Prompt
Give again, word for word, every line in the entries below from the line with "Generic Blue Welcome" up to and including the line with "3 toallas de", and no other line.

___

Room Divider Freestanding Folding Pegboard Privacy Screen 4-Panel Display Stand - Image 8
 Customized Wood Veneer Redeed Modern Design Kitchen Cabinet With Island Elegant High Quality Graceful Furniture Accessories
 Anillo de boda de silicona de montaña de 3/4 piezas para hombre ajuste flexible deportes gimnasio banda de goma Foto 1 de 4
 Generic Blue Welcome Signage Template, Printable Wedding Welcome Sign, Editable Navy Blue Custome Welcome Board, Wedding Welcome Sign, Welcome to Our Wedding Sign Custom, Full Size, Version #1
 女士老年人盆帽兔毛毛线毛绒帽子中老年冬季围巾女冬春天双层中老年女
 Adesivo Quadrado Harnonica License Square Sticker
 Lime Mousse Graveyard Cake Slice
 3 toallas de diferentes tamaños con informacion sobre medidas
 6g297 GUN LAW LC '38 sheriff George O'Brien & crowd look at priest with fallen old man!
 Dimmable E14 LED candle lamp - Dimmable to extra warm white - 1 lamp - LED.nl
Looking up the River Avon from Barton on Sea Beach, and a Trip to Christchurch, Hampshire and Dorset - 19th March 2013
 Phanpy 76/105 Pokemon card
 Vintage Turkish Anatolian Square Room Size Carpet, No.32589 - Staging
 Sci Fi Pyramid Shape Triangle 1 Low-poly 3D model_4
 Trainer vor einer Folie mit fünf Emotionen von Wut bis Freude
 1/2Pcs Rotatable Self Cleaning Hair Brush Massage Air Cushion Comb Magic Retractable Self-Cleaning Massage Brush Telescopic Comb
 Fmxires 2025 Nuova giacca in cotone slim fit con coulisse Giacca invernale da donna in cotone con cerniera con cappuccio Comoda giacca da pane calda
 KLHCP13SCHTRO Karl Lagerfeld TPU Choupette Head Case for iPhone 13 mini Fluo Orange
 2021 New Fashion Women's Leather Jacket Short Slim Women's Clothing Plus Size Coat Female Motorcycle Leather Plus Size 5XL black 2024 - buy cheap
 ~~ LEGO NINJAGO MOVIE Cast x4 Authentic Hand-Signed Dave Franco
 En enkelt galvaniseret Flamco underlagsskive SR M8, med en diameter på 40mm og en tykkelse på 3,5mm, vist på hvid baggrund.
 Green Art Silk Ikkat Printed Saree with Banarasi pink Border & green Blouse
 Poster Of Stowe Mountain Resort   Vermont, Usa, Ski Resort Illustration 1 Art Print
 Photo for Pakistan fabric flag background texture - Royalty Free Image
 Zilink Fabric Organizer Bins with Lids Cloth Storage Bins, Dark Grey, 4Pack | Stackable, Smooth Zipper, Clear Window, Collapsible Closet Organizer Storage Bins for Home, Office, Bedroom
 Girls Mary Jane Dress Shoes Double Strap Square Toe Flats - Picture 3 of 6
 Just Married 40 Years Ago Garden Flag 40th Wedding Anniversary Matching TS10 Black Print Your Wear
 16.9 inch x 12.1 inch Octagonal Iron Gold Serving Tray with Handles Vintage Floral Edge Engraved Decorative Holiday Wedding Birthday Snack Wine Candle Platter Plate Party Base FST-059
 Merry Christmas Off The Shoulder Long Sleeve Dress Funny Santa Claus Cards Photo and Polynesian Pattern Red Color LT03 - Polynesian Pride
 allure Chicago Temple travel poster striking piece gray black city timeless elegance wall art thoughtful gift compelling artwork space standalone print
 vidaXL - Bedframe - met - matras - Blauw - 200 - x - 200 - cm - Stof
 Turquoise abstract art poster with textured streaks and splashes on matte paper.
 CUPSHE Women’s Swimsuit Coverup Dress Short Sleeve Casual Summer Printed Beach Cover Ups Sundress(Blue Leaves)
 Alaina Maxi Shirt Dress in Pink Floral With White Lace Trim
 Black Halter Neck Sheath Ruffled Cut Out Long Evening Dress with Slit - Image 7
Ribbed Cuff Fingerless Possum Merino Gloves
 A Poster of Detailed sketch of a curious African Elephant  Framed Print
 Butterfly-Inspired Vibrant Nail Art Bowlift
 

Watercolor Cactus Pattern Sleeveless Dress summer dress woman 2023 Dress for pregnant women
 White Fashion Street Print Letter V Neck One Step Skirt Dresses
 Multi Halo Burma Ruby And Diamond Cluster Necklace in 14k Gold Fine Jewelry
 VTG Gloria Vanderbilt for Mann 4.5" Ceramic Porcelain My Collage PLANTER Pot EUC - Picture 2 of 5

___

Output of the task
 Generic Blue Welcome Signage Template, Printable Wedding Welcome Sign, Editable Navy Blue Custome Welcome Board, Wedding Welcome Sign, Welcome to Our Wedding Sign Custom, Full Size, Version #1
 女士老年人盆帽兔毛毛线毛绒帽子中老年冬季围巾女冬春天双层中老年女
 Adesivo Quadrado Harnonica License Square Sticker
 Lime Mousse Graveyard Cake Slice
 3 toallas de diferentes tamaños con informacion sobre medidas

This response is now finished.